Optimizing Memory footprint of your integration flows in SAP Cloud Platform Integration
Ever wondered whether you have designed your integration flow in an optimal fashion!!
Following is a list of hints about what happens behind the scenes in the integration pipeline, which if taken into account can result in reducing the memory requirement of your integration flow.
- When your flow has multiple branches, through a multicast or router, ensure that before ending the branch, you empty or reset all the data that is not required beyond that step. Unless explicitly reset, the data will be kept in memory until the process ends. The property and headers automatically reset when the context switches to the next branch; however, the body and variables continue to hold the data. Release all unwanted data before exiting the branch.
- Empty the header and property maps after you are done with retrieving all the required information in the script. In order to access a property or header in a script, you retrieve the entire list into a variable and then get the required property/header value. There are cases when there are many properties/headers or there is large amount of data assigned to any property/header.
- Avoid multicasting wherever possible – it multiplies the data and stores that in the memory.

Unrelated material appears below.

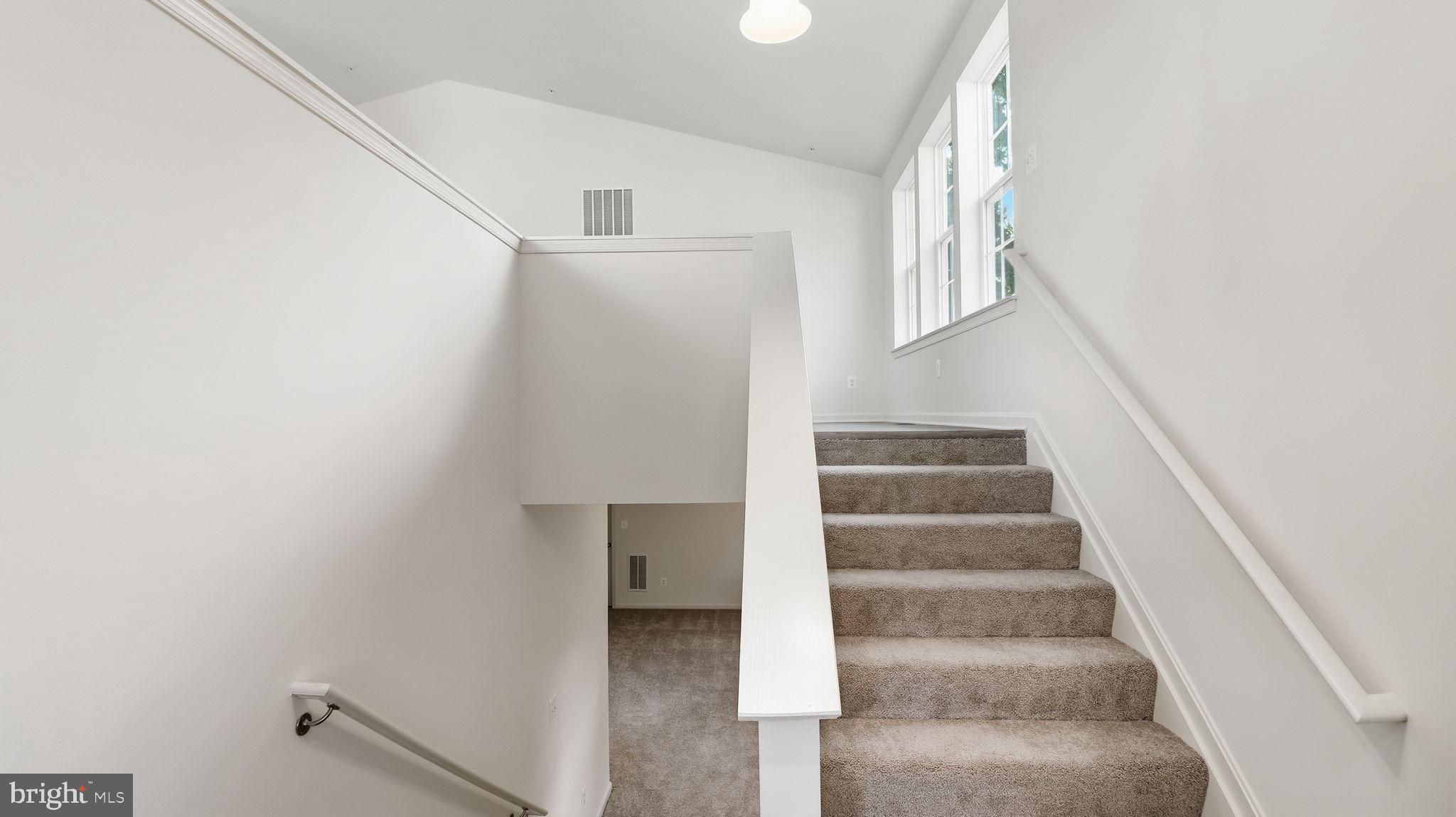 7349 Hughes Avenue Sparrows Point, MD 21219 - Photo 35 of 38 a view of staircase with white walls and white walls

- Try to use splitter wherever possible to break a large message into small chunks. Process the small chunks and if possible send the processed chunk to the receiver before working on the next chunk. If the receiver expects the entire request together, collect the processed data before sending it to the receiver.
- Use of Byte instead of String reduces the memory consumption, unless you want to process the message as a string in the next step.

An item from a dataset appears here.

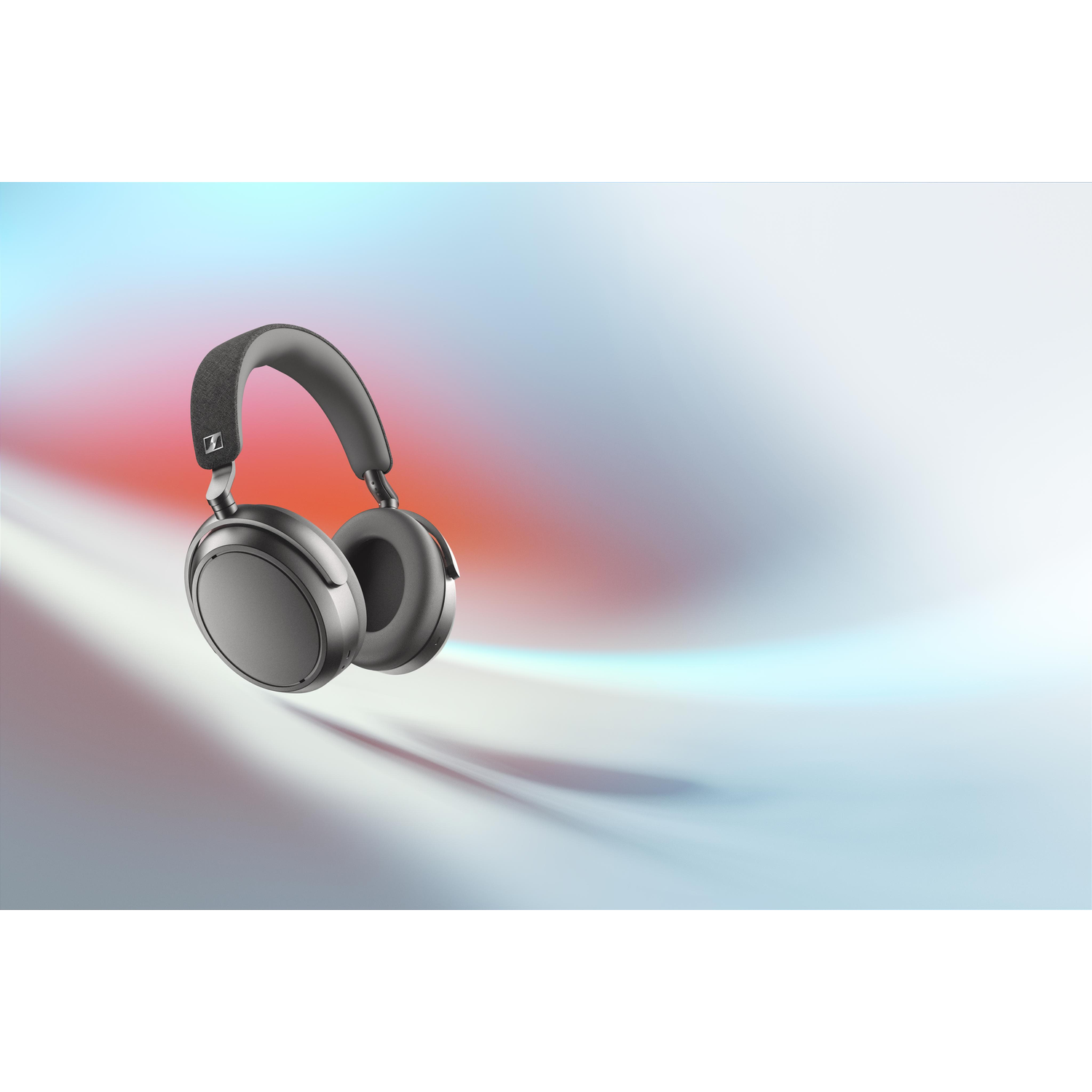 Floating black headphones. The background has a blurred gradient of red, blue, and white.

Make sure that the step after the mapping, especially a script can take in a byte data.
- Global variables make use of headers to perform db persist. Memory to these headers remain allocated even after the flow ends. In case the header is holding a large amount of data, it may fail the iflow processing. It is important to release the memory allocated to the header (having the same name as the global variable) before the iflow exits. This however cannot be performed from a content modifier – it will need to be done via a script.
- Local variables are alive even after the iflow execution is over. Even though the local variable is visible only to the iflow, it is important to note that the memory allocated to the variable is not released when the iflow execution is over. It is important to reset the local variable in the beginning of the flow to avoid any values getting used from the previous flow. It is specifically relevant when the previous flow ended abruptly and the variable may be holding invalid data. For better memory management, it also makes sense to reset the local variables before exiting the iflow. This is only relevant for those variables whose value does not need to be preserved until the next run.

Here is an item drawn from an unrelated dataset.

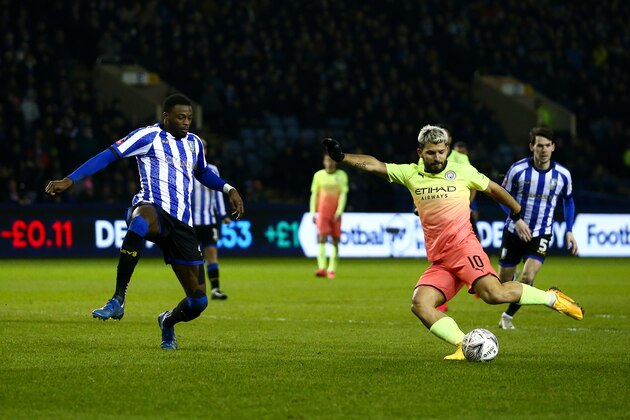 SHEFFIELD, ENGLAND - MARCH 04: Sergio Aguero of Manchester City Shoots and scores a goal to make it 1-0 during the FA Cup Fifth Round match between Sheffield Wednesday and Manchester City at Hillsborough on March 4, 2020 in Sheffield, England. (Photo by Robbie Jay Barratt - AMA/Getty Images)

- When using XPATHs, try to use absolute path as much as possible; relative XPATH expressions are very expensive.
- Avoid datatype conversion of the message.
- Consider the parser capabilities and footprint before choosing the parser –
Although it may be easy DOM parsing the XML in the script, it is important to note that DOM parsers are memory intensive as they load the entire XML in memory and create the XML tree from it. This is an important consideration especially when working with big datasets as they can cause an out-of-memory situation. However, if the dataset is not huge, DOM parsing can prove to be more performant. DOM parsing can also be a better choice when you need to parse the XML back and forth.
SAX/STAX are very helpful when working with huge datasets as they stream the XML and do not load the entire XML in memory. Moving the XML back and forth may be expensive with these parsers. See also https://blogs.sap.com/2017/06/20/stream-the-xmlslurper-input-in-groovy-scripts/.
- Keep the tracing turned off unless it is required for troubleshooting. Writing trace adds a lot of overhead on performance as every stage of message processing is persisted along with the message at every step.